> ASSIGNMENT: Could you filter the records below and keep only the lines with the word "Cruze"?

━━ RECORDS FOR THIS TASK ━━

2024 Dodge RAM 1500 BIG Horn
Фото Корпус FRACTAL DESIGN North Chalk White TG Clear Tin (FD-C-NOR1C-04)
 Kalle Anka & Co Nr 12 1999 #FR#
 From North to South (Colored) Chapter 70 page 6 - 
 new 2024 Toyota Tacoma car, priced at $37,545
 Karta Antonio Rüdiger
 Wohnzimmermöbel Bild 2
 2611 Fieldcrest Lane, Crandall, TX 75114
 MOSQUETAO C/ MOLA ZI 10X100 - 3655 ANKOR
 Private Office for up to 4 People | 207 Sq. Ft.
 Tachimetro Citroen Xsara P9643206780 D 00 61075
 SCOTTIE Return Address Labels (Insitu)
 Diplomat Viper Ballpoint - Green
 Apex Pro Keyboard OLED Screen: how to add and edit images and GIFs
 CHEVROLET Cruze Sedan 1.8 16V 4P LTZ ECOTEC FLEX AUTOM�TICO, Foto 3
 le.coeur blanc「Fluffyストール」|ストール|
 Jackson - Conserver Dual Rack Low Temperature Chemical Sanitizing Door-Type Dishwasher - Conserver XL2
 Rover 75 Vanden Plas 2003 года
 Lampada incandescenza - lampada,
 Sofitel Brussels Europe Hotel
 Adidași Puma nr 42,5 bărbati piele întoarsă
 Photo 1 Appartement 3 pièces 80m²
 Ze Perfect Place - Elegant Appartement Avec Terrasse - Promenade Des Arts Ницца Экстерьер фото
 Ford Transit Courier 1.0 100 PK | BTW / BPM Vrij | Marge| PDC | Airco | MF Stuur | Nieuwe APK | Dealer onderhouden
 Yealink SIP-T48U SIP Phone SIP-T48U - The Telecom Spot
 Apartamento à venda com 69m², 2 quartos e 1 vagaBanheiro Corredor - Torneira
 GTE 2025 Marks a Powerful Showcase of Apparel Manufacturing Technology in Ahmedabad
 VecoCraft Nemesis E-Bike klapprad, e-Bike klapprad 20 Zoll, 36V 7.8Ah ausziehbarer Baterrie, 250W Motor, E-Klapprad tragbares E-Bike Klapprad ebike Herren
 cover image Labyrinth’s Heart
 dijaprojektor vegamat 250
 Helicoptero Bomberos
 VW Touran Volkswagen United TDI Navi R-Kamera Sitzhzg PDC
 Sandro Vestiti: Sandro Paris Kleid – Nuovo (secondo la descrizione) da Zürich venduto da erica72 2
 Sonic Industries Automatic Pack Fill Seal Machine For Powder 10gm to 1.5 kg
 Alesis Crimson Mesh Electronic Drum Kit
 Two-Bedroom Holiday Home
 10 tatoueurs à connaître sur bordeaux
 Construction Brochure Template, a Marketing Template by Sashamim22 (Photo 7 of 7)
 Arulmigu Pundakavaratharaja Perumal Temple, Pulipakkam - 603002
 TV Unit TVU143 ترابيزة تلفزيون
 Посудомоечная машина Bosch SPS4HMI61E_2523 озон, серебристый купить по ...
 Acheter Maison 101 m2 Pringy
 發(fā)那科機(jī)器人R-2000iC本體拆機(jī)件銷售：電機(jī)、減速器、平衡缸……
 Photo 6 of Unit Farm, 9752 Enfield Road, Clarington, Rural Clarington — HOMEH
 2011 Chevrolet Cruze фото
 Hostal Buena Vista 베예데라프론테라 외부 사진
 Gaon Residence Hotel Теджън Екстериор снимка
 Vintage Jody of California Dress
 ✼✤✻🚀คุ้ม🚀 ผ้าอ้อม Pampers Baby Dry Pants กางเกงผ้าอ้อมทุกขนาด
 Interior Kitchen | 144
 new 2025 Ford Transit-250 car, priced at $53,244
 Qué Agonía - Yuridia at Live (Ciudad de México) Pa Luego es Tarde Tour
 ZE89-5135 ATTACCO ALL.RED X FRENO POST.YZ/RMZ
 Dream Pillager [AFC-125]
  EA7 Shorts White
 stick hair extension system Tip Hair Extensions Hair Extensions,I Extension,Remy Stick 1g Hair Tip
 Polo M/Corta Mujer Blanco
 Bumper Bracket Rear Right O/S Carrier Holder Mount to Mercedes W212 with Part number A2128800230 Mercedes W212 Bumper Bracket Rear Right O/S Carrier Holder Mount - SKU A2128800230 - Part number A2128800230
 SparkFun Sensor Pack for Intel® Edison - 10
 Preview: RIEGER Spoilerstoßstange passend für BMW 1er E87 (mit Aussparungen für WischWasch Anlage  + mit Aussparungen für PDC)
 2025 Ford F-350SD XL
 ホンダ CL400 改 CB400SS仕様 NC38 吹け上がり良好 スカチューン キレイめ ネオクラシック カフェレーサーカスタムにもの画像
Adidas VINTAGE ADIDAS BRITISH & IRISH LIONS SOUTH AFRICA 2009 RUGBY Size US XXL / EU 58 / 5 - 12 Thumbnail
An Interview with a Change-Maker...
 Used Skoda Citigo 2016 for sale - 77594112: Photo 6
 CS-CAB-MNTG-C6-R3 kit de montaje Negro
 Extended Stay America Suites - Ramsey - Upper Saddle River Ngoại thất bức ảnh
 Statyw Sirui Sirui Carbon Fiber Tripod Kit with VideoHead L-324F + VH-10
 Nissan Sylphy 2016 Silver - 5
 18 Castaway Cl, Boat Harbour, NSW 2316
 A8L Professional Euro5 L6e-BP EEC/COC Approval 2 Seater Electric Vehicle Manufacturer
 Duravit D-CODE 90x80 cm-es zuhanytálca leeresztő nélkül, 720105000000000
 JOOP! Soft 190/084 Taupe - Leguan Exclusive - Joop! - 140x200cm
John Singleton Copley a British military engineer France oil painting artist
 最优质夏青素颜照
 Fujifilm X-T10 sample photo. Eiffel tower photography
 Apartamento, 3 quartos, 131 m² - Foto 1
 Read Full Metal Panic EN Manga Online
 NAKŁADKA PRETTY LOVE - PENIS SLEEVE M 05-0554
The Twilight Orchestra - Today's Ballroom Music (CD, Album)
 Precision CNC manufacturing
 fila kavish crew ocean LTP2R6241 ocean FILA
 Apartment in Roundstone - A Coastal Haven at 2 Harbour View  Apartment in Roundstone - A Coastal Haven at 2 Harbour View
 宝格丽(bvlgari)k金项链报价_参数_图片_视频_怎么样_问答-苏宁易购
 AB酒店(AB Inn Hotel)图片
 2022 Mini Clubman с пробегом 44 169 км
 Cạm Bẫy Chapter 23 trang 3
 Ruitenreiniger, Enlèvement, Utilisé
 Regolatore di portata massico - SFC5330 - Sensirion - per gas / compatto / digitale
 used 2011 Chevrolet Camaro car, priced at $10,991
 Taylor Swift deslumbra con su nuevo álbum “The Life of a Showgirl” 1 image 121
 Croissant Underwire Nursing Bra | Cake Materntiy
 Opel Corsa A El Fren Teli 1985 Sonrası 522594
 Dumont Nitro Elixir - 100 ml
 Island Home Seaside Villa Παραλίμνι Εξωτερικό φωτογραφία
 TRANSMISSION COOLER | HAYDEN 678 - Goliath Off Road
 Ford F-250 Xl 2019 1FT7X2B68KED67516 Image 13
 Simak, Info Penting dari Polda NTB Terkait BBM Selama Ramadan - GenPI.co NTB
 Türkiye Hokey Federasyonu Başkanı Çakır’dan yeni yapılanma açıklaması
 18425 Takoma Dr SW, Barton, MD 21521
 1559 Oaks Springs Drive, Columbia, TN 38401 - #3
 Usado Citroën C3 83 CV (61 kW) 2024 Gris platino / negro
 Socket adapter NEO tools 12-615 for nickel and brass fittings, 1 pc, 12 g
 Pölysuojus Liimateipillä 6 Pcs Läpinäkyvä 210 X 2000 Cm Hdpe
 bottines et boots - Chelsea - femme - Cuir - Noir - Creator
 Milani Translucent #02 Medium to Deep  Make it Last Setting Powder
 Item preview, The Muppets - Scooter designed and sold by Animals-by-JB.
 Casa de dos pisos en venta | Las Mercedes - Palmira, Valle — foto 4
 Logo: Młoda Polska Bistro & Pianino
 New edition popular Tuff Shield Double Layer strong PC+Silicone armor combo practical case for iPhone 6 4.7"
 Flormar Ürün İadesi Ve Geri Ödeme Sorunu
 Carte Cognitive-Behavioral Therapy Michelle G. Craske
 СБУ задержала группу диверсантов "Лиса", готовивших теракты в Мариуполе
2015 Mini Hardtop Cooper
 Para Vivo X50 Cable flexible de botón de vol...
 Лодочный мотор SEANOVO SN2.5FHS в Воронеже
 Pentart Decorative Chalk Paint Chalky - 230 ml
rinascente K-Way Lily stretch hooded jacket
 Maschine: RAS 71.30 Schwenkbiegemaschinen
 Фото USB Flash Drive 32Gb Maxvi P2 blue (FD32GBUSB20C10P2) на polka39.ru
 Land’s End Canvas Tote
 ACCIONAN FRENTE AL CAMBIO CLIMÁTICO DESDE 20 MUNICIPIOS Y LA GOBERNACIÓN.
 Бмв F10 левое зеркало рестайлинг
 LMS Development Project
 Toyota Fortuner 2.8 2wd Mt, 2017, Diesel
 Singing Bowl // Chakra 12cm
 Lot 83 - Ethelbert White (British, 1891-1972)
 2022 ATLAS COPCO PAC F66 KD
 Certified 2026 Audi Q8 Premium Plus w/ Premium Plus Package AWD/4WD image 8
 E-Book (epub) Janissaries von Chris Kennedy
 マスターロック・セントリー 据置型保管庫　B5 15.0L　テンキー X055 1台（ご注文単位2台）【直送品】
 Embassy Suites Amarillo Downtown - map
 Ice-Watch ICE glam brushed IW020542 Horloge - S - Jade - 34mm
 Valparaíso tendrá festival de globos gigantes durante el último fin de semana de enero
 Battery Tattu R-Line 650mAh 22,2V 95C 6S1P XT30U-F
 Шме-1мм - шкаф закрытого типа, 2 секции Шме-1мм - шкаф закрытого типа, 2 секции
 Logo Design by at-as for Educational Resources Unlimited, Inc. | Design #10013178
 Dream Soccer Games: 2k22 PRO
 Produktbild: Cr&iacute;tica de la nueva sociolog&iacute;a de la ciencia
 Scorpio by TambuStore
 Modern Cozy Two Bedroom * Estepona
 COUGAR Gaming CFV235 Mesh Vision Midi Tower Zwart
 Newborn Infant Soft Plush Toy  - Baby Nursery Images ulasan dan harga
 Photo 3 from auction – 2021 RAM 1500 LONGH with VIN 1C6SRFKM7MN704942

━━━

> TASK SOLUTION:
 CHEVROLET Cruze Sedan 1.8 16V 4P LTZ ECOTEC FLEX AUTOM�TICO, Foto 3
 2011 Chevrolet Cruze фото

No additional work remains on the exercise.